Beatriz hizo un gesto negativo con su cabeza al ver la frialdad de su hijo.

—¡Violaste a una muchacha, William! —exclamó ella, haciendo ademanes con las manos. —Eso puede afectar tu imagen, ya de por sí muy maltrecha para tus súbditos. La iglesia ya varias veces te ha amenazado con excomulgarte por las orgias y vulgaridades que se cuentan, suceden en la vida nocturna de nuestra corte.

—Nadie va quitarme mi reinado, si esa es tu preocupación. —le aseguró él—Cuando esa muchacha se recupere, la mandaré lejos a la campiña y la mantendré de por vida por los daños causados. Fin del problema.

—¿Y así vas a acallar tu conciencia?

—Sabes de sobra que no tengo conciencia. —replicó él, tamborileando distraídamente los dedos sobre su escritorio.

—¿Quién es la joven, William?

—No lo sé, madre. Me la vendieron unos usureros; me imagino que la habrán raptado del campo—contestó William exasperado.

—¿Y cómo está? ¿Cómo quedó luego de lo que le hiciste?

—Mal madre, está desestabilizada, ya la está atendiendo la curandera. Lo prefería así, porque no quiero que el doctor de la corte lo sepa.

—Deseo verla. Por favor. —pidió Beatriz. —Ordena que me dejen pasar a tus aposentos.

—¿Para qué quieres verla?

—Porque me siento culpable por tus pecados—confesó ella y él puso los ojos en blanco.

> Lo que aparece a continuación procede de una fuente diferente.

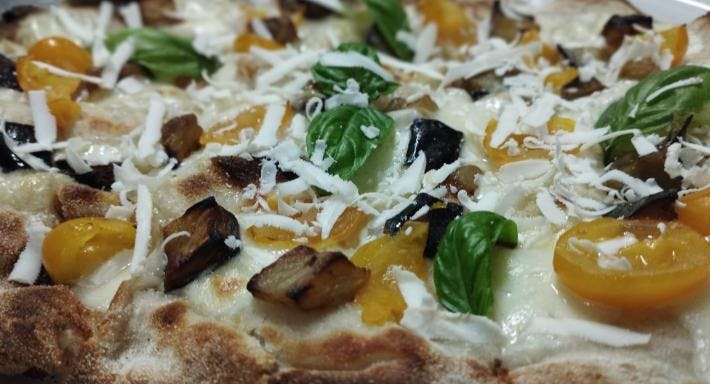 Photo of restaurant Plaza café restaurant in Alezio, Lecce - Photo 13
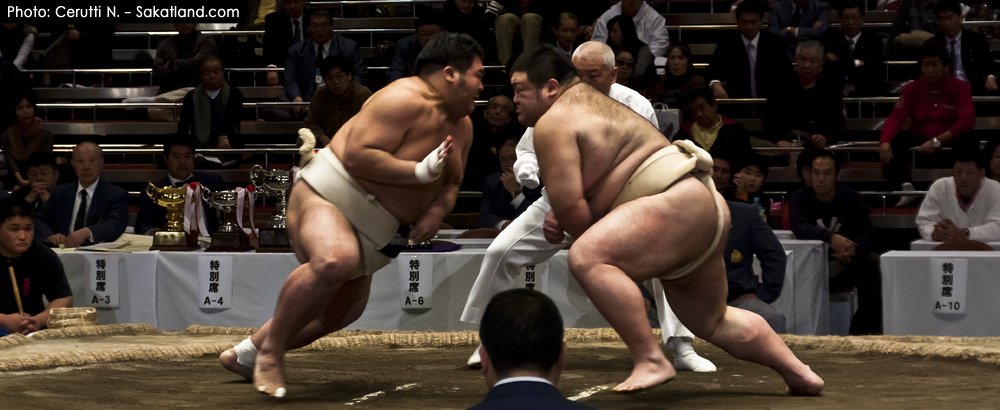 Sumo_Fight22.jpg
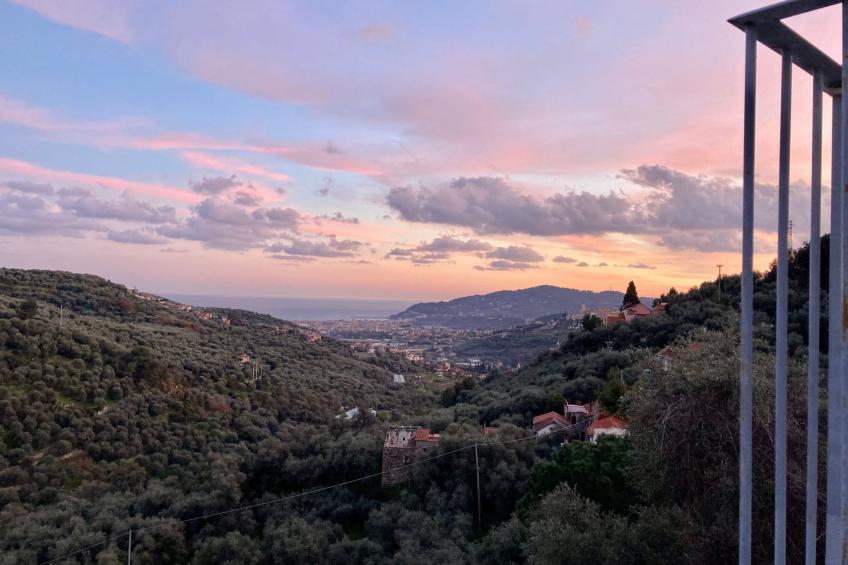 Piccola navetta - foto 32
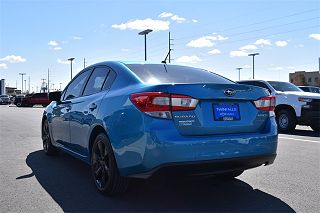 2018 Subaru Impreza 2.0i 4S3GKAA61J3623791 in Twin Falls, ID 26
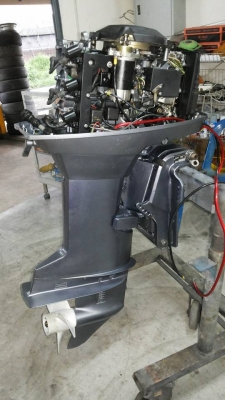 ยา40 แรง 2 จังหวะ มีทริมทิ้ว ยา40 แรง 2 จังหวะ มีทริมทิ้ว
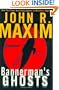 Bannerman's Ghosts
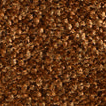 Rust Brown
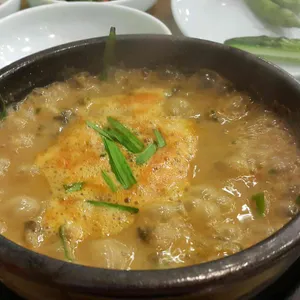 송악추어탕 리뷰 사진
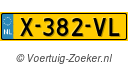 X382VL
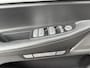 BMW 7-Serie 750d xDrive High Executive M-Sport | 360* Camera | Harmon Kardon | Head-Up Display | Elektrische Achterklep |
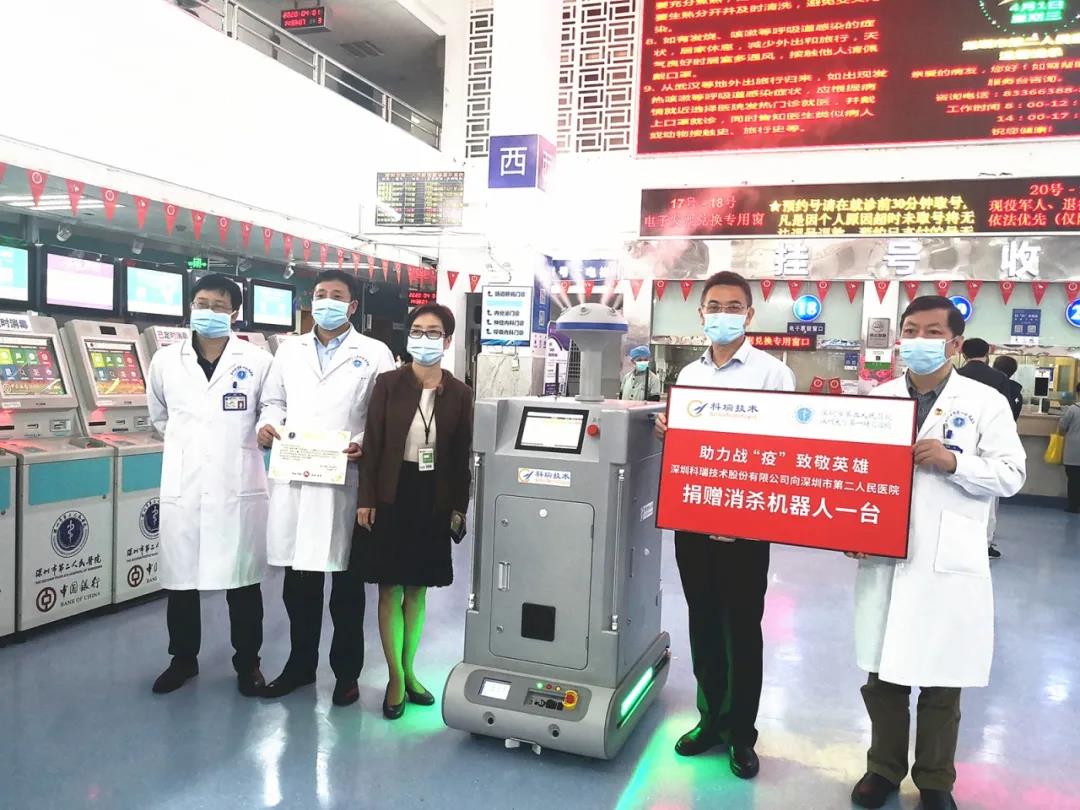 k豆钱包官方网站 - kdpay钱包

—Madre has lo que quieras, pero de nada va servir que la veas, porque ella está prácticamente ida, fuera de la realidad.

Beatriz negó con la cabeza, entonces William llamó a uno de sus consejeros para que mandara a sus guardias dejar pasar a su madre a sus aposentos. Cuando ella salió de la estancia, descorriendo las puertas dobles, soltó un suspiro, ya que había querido desahogarse con ella sobre lo mal que se sentía, luego lo que había hecho, pero como siempre no había exteriorizado sus emociones, porque desde muy chico había aprendido a que a nadie debía mostrárselas. Él era un hombre fuerte, un rey, un guerrero. No estaba para sensiblerías.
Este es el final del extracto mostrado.